**Data excerpt**

%%

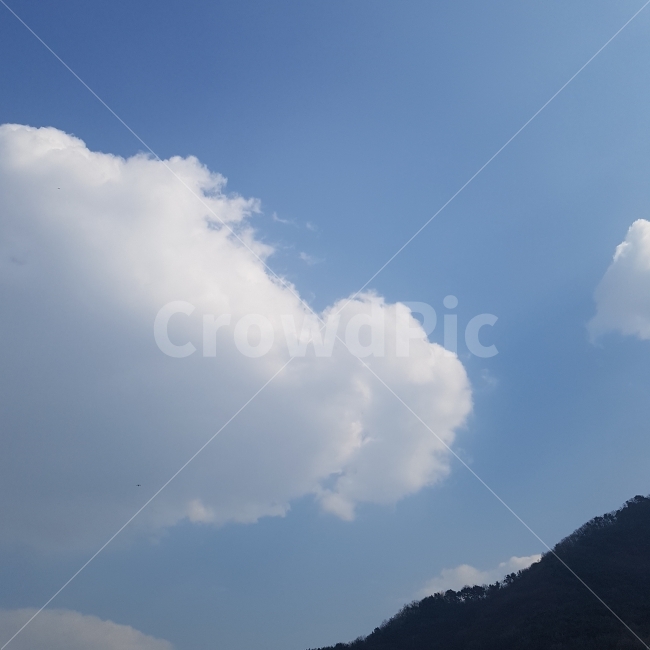 자연,구름,산,하늘,하늘색,파랑색,푸른,상쾌함,봄,풍경,여유,sky,blue,cloud,spring,view,image,nature,daily,rest,자연,풍경,nature,landscape,weather,날씨,outdoors,옥외,cumulus,적운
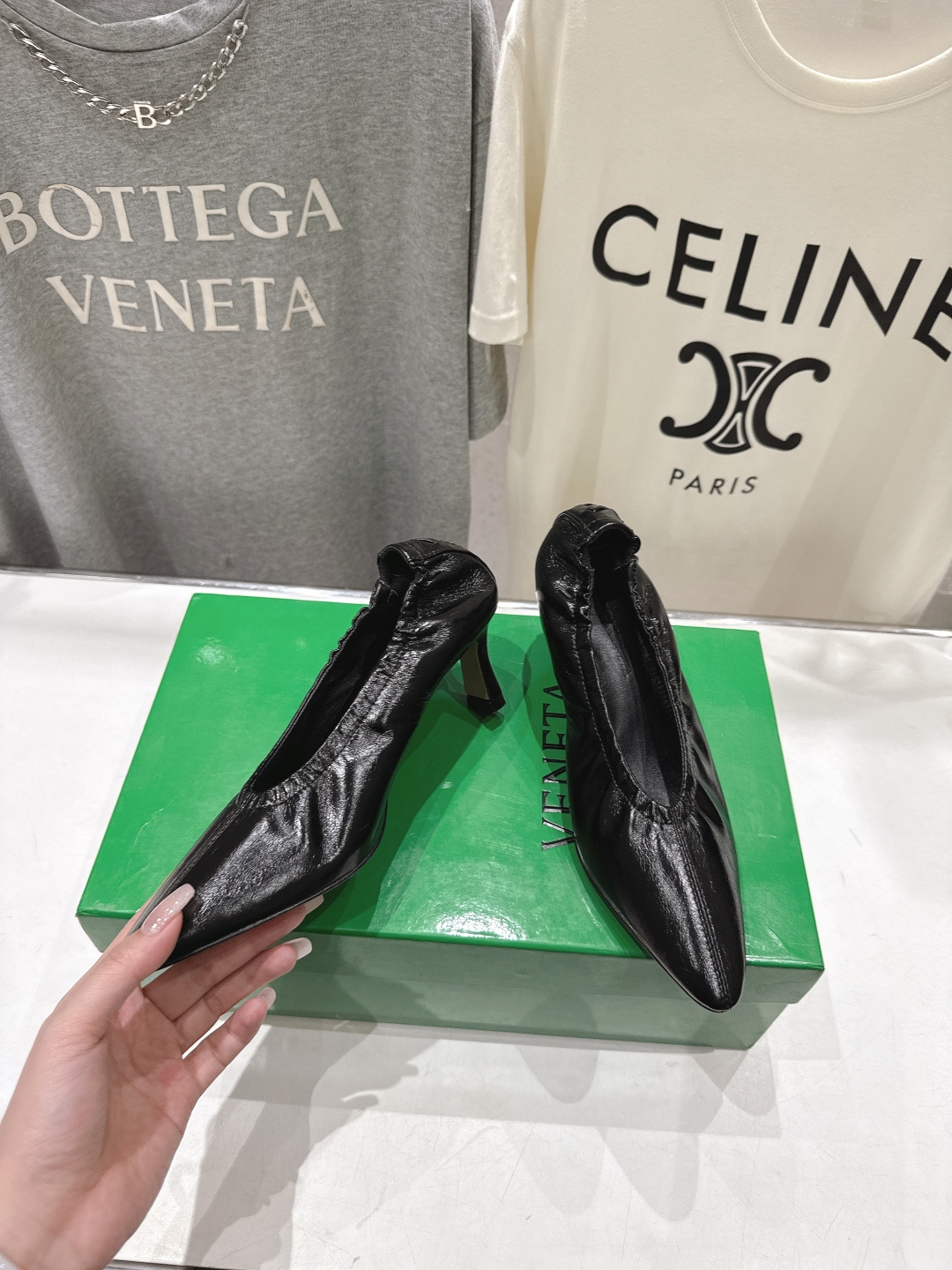 高版本出厂 Bottega Veneta/BV F065 2026ss新款尖头高跟鞋，上脚好美啊优雅材质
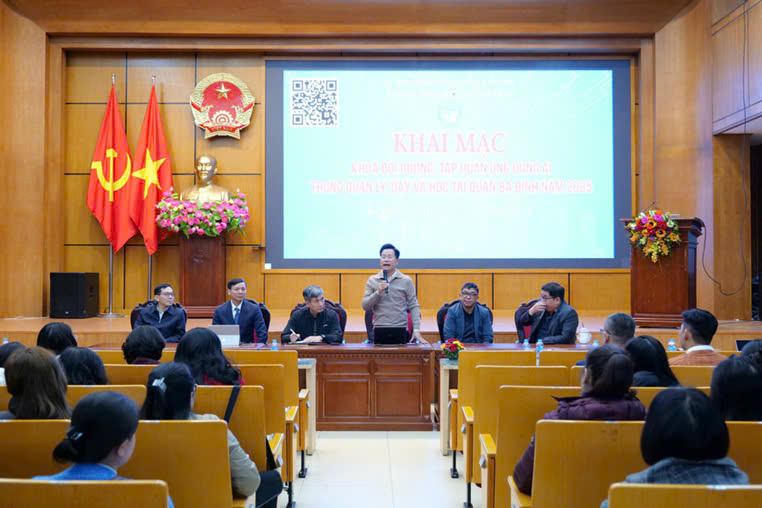 Hà Nội bồi dưỡng ứng dụng AI trong quản lý dạy và học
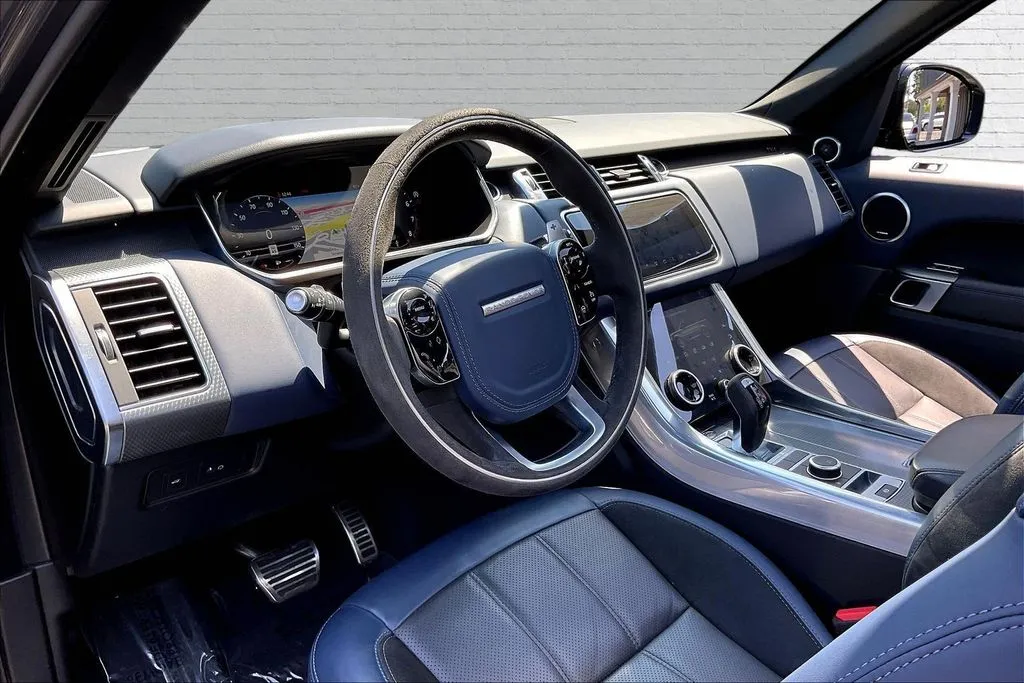 Land Rover Range Rover Sport photo 16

%%

**Exercise brief**
Return the lines exactly, from the one containing "高版本出厂 Bottega Veneta/BV" through the last line above, including both ends and excluding every picture.

**Written answer**
 高版本出厂 Bottega Veneta/BV F065 2026ss新款尖头高跟鞋，上脚好美啊优雅材质
 Hà Nội bồi dưỡng ứng dụng AI trong quản lý dạy và học
 Land Rover Range Rover Sport photo 16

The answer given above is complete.